I was at an auction this a.m. and the auctioneer pulled these 2 bird dropping encrusted bikes out of the barn.  Of course, I had to buy 'em.  $75 for both.  I'll just wash 'em up, grease 'em good, put new rubber on 'em and ride!  Hopefully, they'll ride good and it'll be worth it.  Is that what you guys would do?


----------



## GTs58 (Feb 16, 2019)

crazyhawk said:


> I was at an auction this a.m. and the auctioneer pulled these 2 bird dropping encrusted bikes out of the barn.  Of course, I had to buy 'em.  $75 for both.  I'll just wash 'em up, grease 'em good, put new rubber on 'em and ride!  Hopefully, they'll ride good and it'll be worth it.  Is that what you guys would do?View attachment 950053
> View attachment 950056
> 
> 
> ...




Yep, that's what I'd do. Was $75 the starting bid?


----------



## Adamtinkerer (Feb 16, 2019)

I'd clean up the chrome, otherwise yep, killer deal!!


----------



## crazyhawk (Feb 16, 2019)

GTs58 said:


> Yep, that's what I'd do. Was $75 the starting bid?

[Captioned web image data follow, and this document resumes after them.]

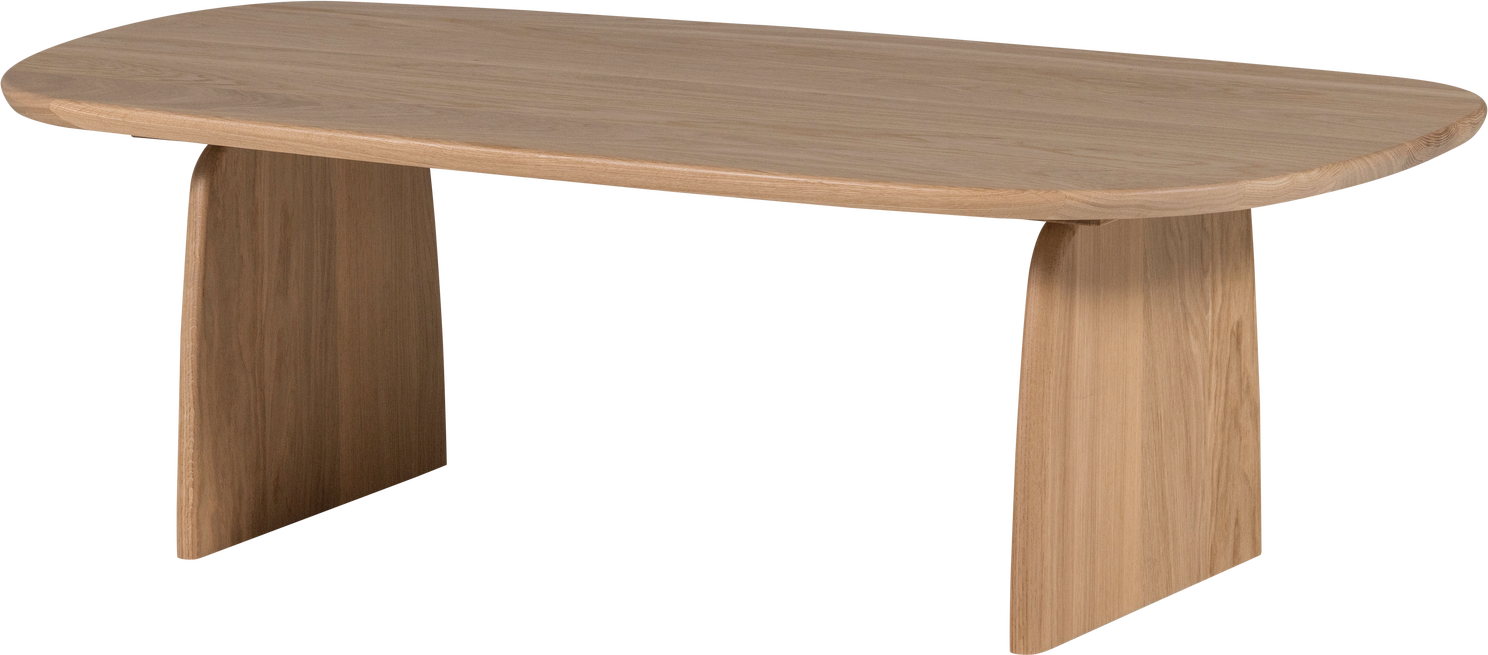 Sofabord Woood Tablo Egetræ Transparent Lak Natur 110x60x35 Moderne Organisk Design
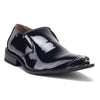 Men's 15811 Leather Lined Metal Tip Pointy Toe Slip On Loafers Dress Shoes - Jazame, Inc.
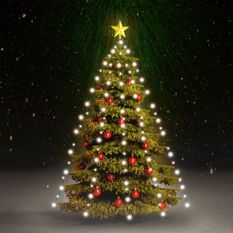 Guirlande lumineuse d'arbre de Noël 150 LED Blanc froid 150 cm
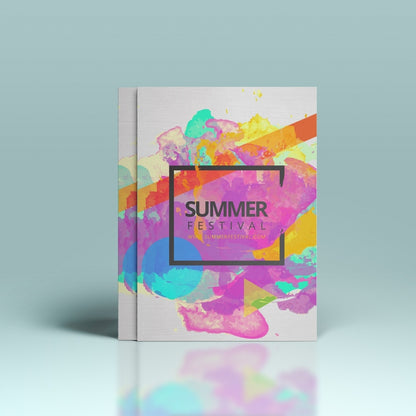 Linen Texture Flyers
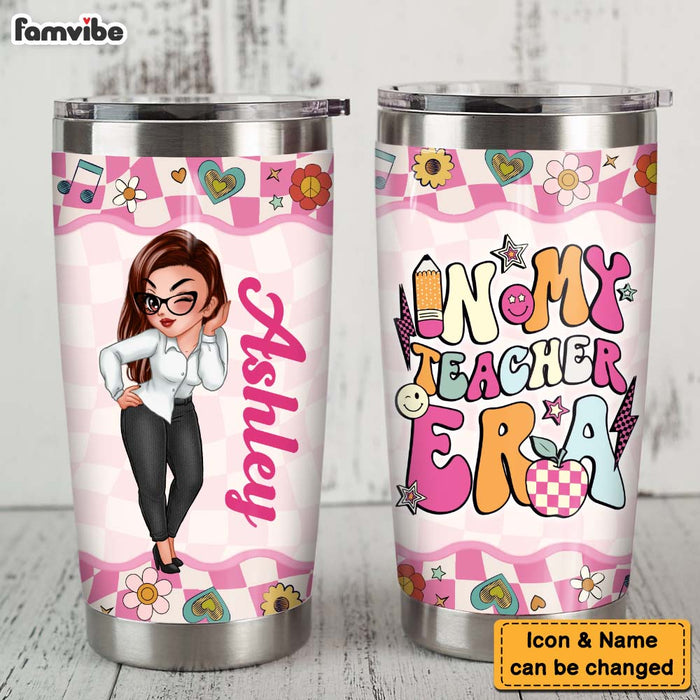 Personalized Gift For Teacher In My Teaching Era Steel Tumbler 34153 1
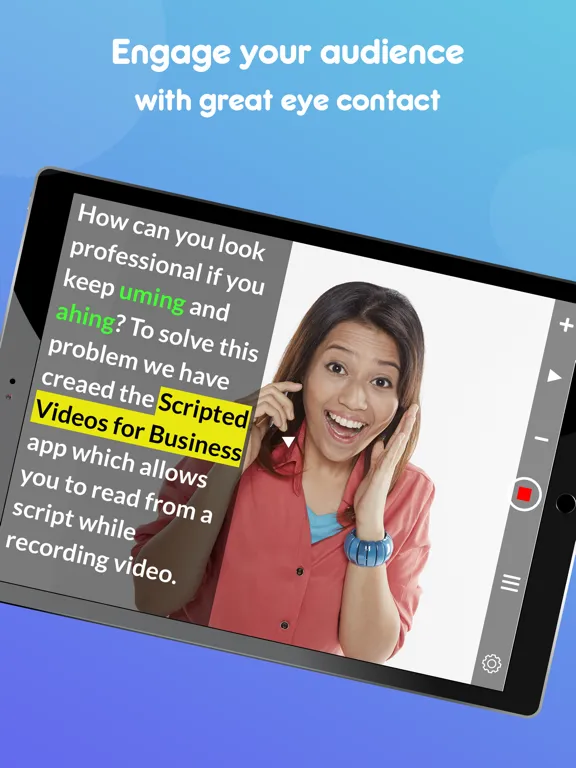 Скриншоты Teleprompter for Business iPad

The starting bids were $2.  I actually paid 40 for the Panther and 35 for the Tiger, but of course they threw in a nasty Ross 10 spd and this Roadmaster Skyrider because they got no bids.  If you've ever bought bikes at estate auctions, you've probably had to endure hours of waiting and waiting while they sell one spoon here and a box of Christmas ornaments there.  I don't like auctions at all, but there are just so many old farms here in Ohio and almost every barn has an old bike of some kind.


----------



## Ridge Rider (Feb 16, 2019)

It was worth your time .



The '67 Sky Blue Panther is a rare bike . Once you get it cleaned up,  I may have a matching slimline tank buried in my garage somewhere.  Just PM me .
Dave


----------



## crazyhawk (Feb 17, 2019)

Well, I did a quicky clean-up on the Tiger, about 4 hours of scrubbing, tearing down and adjusting.  I would be more thorough on a higher-end bike, but it's a rider and I like keeping it kind of funky.  It rides great.  The Panther has a stuck neck, so I'll tackle that later.


----------



## 57pack (Mar 14, 2019)

Wow! Your Tiger roars! 
Bought a Panther 2 a few years ago that cleaned up nice for a rider.
I was looking for a Jaguar but I love the Panther!


----------